[INSTRUCTIONS FOR THE TASK]
Output the data below line for line, exactly, up to and including the line where "Amor auf vier" appears.

# # # # # # #

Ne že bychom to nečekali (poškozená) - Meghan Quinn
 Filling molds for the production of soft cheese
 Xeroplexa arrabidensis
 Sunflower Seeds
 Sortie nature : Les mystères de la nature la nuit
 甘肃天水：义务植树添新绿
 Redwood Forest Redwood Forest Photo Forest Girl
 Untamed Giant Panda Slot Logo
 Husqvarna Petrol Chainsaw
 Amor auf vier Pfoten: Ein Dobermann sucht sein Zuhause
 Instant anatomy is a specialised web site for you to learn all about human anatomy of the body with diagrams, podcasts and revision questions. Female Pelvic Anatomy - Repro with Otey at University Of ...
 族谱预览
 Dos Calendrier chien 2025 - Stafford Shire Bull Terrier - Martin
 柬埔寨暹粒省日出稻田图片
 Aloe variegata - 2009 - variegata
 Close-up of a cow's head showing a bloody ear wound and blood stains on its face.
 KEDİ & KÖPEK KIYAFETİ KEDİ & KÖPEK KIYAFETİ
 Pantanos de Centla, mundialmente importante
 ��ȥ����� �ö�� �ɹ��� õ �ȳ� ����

# # # # # # #

[REPLY TO THE EXERCISE]
Ne že bychom to nečekali (poškozená) - Meghan Quinn
 Filling molds for the production of soft cheese
 Xeroplexa arrabidensis
 Sunflower Seeds
 Sortie nature : Les mystères de la nature la nuit
 甘肃天水：义务植树添新绿
 Redwood Forest Redwood Forest Photo Forest Girl
 Untamed Giant Panda Slot Logo
 Husqvarna Petrol Chainsaw
 Amor auf vier Pfoten: Ein Dobermann sucht sein Zuhause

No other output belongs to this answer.